Fabelhaftes Freiluftvergnügen

Was liegt näher, als mit einem Cabrio bei geöffnetem Verdeck einfach nur in warmer Sommerluft dahinzugleiten? Richtig: Während andauernd nass-kaltem Regenschauerwetter rettet die Stoffhaube. Deshalb gibt’s hier den Erfahrungsbericht in verflixt launischem Wettermix.  

Von Gundel Jacobi

Was ist das für ein Auto? Auf jeden Fall gehört es zu einer verschwindend kleinen Nische: viersitziges Cabrio mit Stoffdach – unter 100.000 Euro.
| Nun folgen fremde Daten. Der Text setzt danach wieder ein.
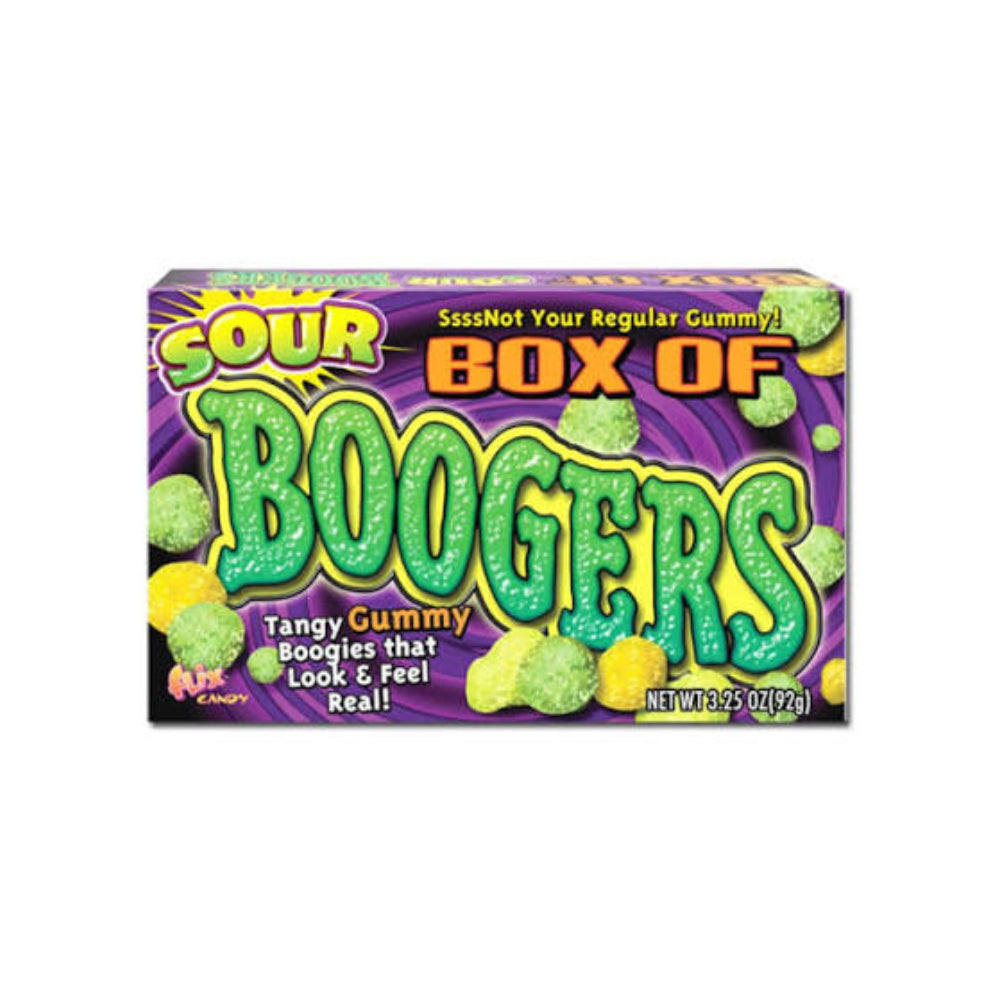 Sour Boogers Theatre Box Main image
In der Mercedes CLE-Cabrio-Klasse wird man gerade noch fündig beim BMW 4er Cabrio, dem stoffbehüteten Ford Mustang und eine Preisklasse tiefer dem VW T-Roc Cabrio sowie dem im britischen Oxford-Werk gebauten Mini Cabrio. Kein Mensch wird einen Gedanken daran verschwenden, ob das mit seiner langen Motorhaube ziemlich schnittig aussehende CLE-Cabrio alltäglichen Transportaufgaben gewachsen ist. In erster Linie muss ein Cabrio schön aussehen und Freiluftvergnügen bieten. Deshalb stört die kurze Heckklappe ebenso wenig wie der recht flache, dafür weit nach vorne gezogene Kofferraum; ist selbiger nämlich voll, muss man für kleinere Gepäckstücke ein bisschen hineinkriechen.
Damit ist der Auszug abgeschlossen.